24 Mart 2009 Salı

Bütün Bir Çocuk, Paramparça Bir Feanor.


Duydu ki, ilk defa aşık olduğunu söylüyormuş şimdilerde Çocuk. İlk önce, bir şeyler öldü içinde. Anlayamadı, yediremedi, konduramadı.

Ardından onlarca ayı düşündü birlikte geçirdikleri… Gökova’da kaldırıma oturup hangisi olduğunu hatırlayamadığı ay dönümlerinde yedikleri kalpli pastayı, Ölüdeniz'de suyun altına dalıp birbirlerinin dudaklarına kondurdukları kaçamak öpüşleri, onu yemeğe çıkardığı boğaz manzaralı bistroyu, ilk yıl dönümünde hazırladığı sekiz dakikalık filmi, Bulutsuzluk Özlemi konserinde çığlık çığlığa şarkı söyleyişlerini, ileride oturacakları evin planını çizdikleri kağıdı, bir kere daha gitmeden duramayacakları Olympos’u; gülüşlerini, çocuksuluklarını, sevişmelerini, ağlayışlarını… düşündü.
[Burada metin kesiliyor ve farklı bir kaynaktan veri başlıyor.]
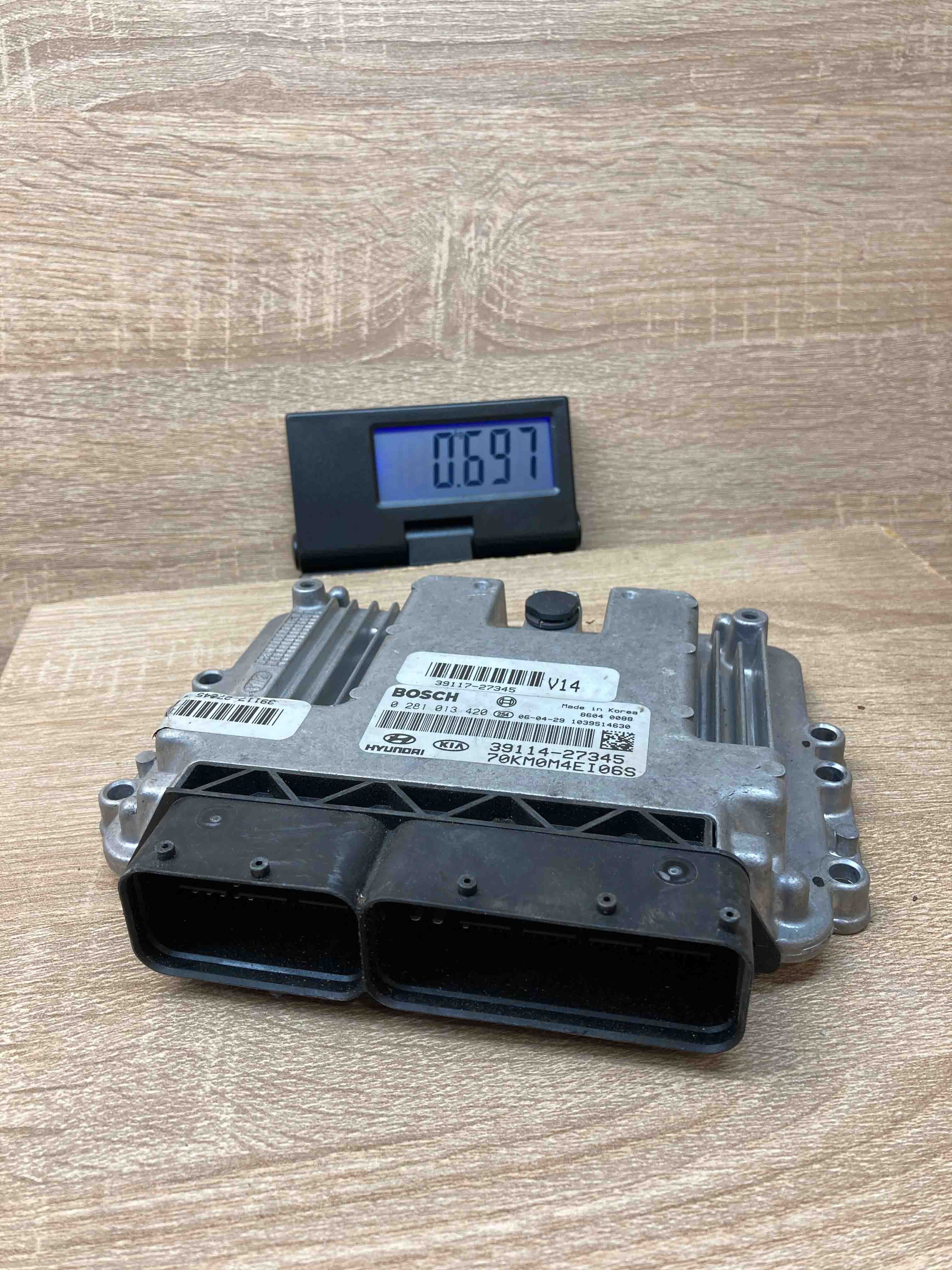 39114 27345 0281013420 Motor ECU Engine Module Unit 39117 27345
Her şey, hepsi, ikisi… mükemmeldi.

Neden o zaman? Ne farklıydı? Ne özeldi? Sevgide ne eksikti, ne fazlaydı?

Sonra o fotoğrafları gördü. Gördü, kızın dudağının yanağına değdiği an Çocuğun, bir zamanlar kendi için de yaptığı gibi, gözlerini hazdan nasıl da kısıp gülümsediğini; gördü, kollarını boynuna dolamış o kızı belinden kavrayıp nasıl dans ettiğini; gördü, tüm arkadaşlarıyla tanıştırdığını Çocuğun kızı, nasıl hep birlikte eğlendiklerini, oradan oraya, grup halinde nasıl koşuşturduklarını; gördü, Çocuğun annesinin gülümseyen yüzünü, kızı çağırdıkları ev yemeğinde, oğlu tutarken kızın ellerinden, oğluna ve “kızına” nasıl da gururla baktığını…

Anladı sonra, fark etti. Düşler, anımsamalar, zahiri görüntüleriymiş meğer hayatına tuttuğu şekli bozuk aynanın. Gerçeği gördü ardından… 2 sene boyunca kuytu köşe yaşadıkları saklı aşkı, çanta altından el ele tutuşmaya çalışışları, balkondan “Utanmıyor musunuz lan ibneler!!” diye yırtınan teyzeyi, ailesinin yanındayken her gerilişini Çocuğun, çevresindekilere yalan söylemek zorunda kalışını, “Oya’yı” tanıştırmamak için ürettiği tonlarca bahaneyi, eli eline değdiğinde Nevizade’de, suratlarına çevrilen onlarca bakışı; yokluğu, hiçliği, olamayışları…

Ve ardından, çocuğun şimdi içinde bulunduğu o ferah ovadaki refahını. “İşte bu benim sevgilim” diyebilişini, sevdiği insanla herkesin gözü önünde dans edebilişini; bunun verdiği keyfi, öpüşmenin verdiği hazzı; varlığı, hepliği, oluşları…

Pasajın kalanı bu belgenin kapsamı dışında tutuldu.